Considering a sample of size $n$ with $k$ marked individuals is drawn from the population, a histogram of the observed proportions is created using jackknifes subsamples. Then a hypergeometric distribution is fitted to the histogram using minimum squares. This leads to a pair of estimated parameters $\hat{p}$ and $\hat{N}$.

I am convinced that under the assumption of $K$ unknown this estimator converges to the sample size ($n$), i.e $\hat{N} \rightarrow n$ (or at least to a value different than $N$). However, I haven't proved it yet.

They tested this estimator with simulated data. My conclusion is that in the simulations the standard deviation of $\hat{N}$ is large enough so that the values of $N$ and $\hat{N}$ sometimes coincide.

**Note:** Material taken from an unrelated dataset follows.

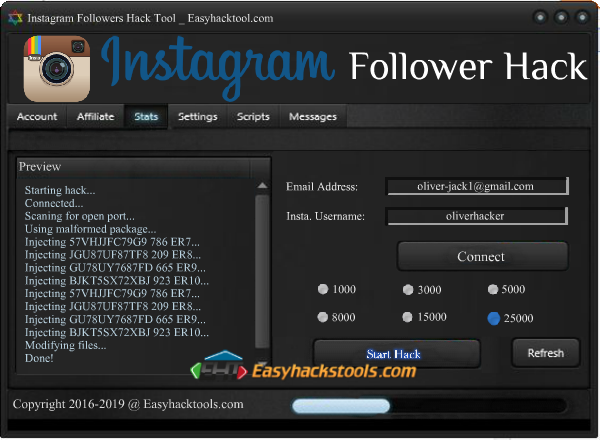 Easy Hack Tools (@easyhacktools) | Twitter Easy Hack Tools (@easyhacktools) | Twitter - 600 x 440 png 131kB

I am creating this question to verify whether I am correct. Also, I am not very good explaining myself, and need to create an argument to convince non-specialists that $\hat{N} \rightarrow n$. Thank all of you for your help.

$\endgroup$
9
  • $\begingroup$ +1 Nice clear explanation. Do you know what estimators they're using to estimate N and p? $\endgroup$ Commented Jun 14, 2024 at 5:23
  • $\begingroup$ They create a histogram of the observed proportions (they make many observations) and they fit a hypergeometric distribution trough minimum squares. Thanks Glen_b. $\endgroup$ Commented Jun 14, 2024 at 5:27
  • $\begingroup$ Better said, they made 1 single (large) observation (size n) and they sub-sample (bootstrap or jackknifes, not entirely sure) this vector to create the histogram. $\endgroup$ Commented Jun 14, 2024 at 5:32
  • $\begingroup$ Do you at least know if you've recaptured the same specimen, i.e. is the mark unique? If not you might be able to estimate $p$ but I don't see how that tells you anything about $N$. $\endgroup$ Commented Jun 14, 2024 at 6:09
  • 1
    $\begingroup$ @Glen_b The population sizes are $N$ (total, unkown), $K$ (marked, unkown), and the sample sizes are $n$ (total sampled, known), $k$ (marked, known). $\endgroup$ Commented Jun 14, 2024 at 7:33

1 Answer 1

4
$\begingroup$

From first principles it is clear that the single observed hypergeometric sample of size $n$ out of which $k$ will be informative about little more than $p=K/N$. Both $N$ and $K$ will be nearly unidentifiable which can be seen from the fact that the likelihood tends towards a flat ridge along the line given by $K/N=k/n$ as $N$ and $K$ becomes large (this follows from the binomial as a limit of hypergeometic distribution). The likelihood ridge is illustrated below for the sample $k=5$ and $n=10$.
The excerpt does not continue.